昨年も同時期にシューベルトのピアノ曲をあげている事を知りました。
偶然のめぐり合わせですが、前回は「エリザベート・レオンスカヤ」のセット物で、今回はマウリツィオ・ポリーニの2枚組です。
シューベルト:ピアノ・ソナタ第19番~第21番、アレグレット
【ポリーニ80歳記念】【生産限定盤】【UHQCD仕様】
【グリーン・カラー・レーベルコート】
1973年以来となるポリーニのシューベルト録音で、1988年度第26回レコード・アカデミー賞器楽曲部門賞を受賞した名盤。ソナタ第20番の演奏は、ポリーニの意思で、急逝した名プロデューサー、ライナー・ブロックに捧げられています。(メーカー資料より)
【収録情報】
Disc1
シューベルト:
1. ピアノ・ソナタ第19番ハ短調 D.958
2. ピアノ・ソナタ第20番イ長調 D.959
Disc2
3. ピアノ・ソナタ第21番変ロ長調 D.960
4. アレグレット ハ短調 D.915
5. 3つの小品 D.946
マウリツィオ・ポリーニ(ピアノ)
録音:1983年12月ウィーン(2)、1985年6月パリ(1,5)、1985年9月ミュンヘン(4)、1987年6月ミュンヘン(3)
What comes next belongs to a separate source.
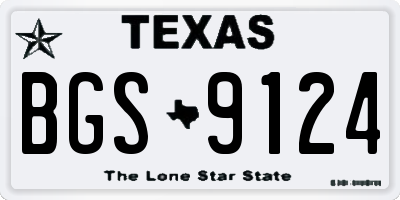 TX license plate BGS9124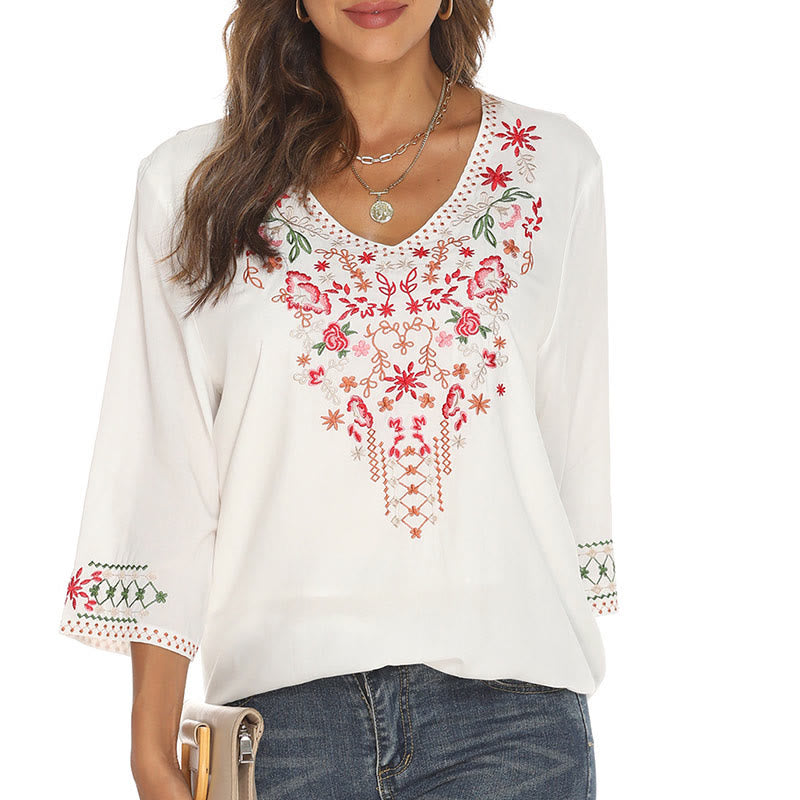 Maglietta da donna in cotone con scollo a V e maniche a tre quarti, motivo: Buddha Stones Summer Embroidery Flower Simple Design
☆5のコメント-1 投稿日:2021/07/11 (日)
この録音が出たのは1990年頃。この頃、シューベルトのピアノソナタの録音は決して多くはなかった。めぼしいところではリヒテルとブレンデルくらいではなかったろうか。そこにこのポリーニである。
更に言えばまだこの頃ポリーニは毀誉褒貶相半ば、まぁ流石に誉褒が勝る感じではあるけれど、といった状況でしたっけ。そして、このポリーニの演奏は鮮烈でした。
そもそもシューベルトは少なからずバカにされているように思うのですね。そういうと皆否定するだろうけれど、でも、器楽曲に関して言えば、ベートーヴェンの陰にいる素人、作品もまとまりがなくて長ったらしくて、みたいな受け取り方をしている人は少なくないように思います。
でも、実際はそうではない。ソナタ形式といったものに拘り、構成にひどく拘った。晩年(31歳!)のシューベルトが死の直前に対位法のレッスンを受けようとしていたのは有名な話で、そういう意味でかっちりした作品を書きたかった。
ただ、上手くいかなくて、未完作品も多数遺った、その一因には確かにシューベルトの書いた旋律があまりにメロディックで、構成をきっちり守って造ろうとすると長大になってしまう、というのがあったのではないかと思うのです。
言い換えると、シューベルトの器楽曲は放っておいても十分に感情に訴える力がある。むしろあり過ぎる。長いけれど。 今のポリーニはまた違うことをするかも知れないけれど、当時のポリーニの演奏は、余計なことをせず、淡々と音を紡いで行くというやり方。いわばハードボイルドな、そっけないとも思える演奏。だけれども、それは確かに間違いではないのです。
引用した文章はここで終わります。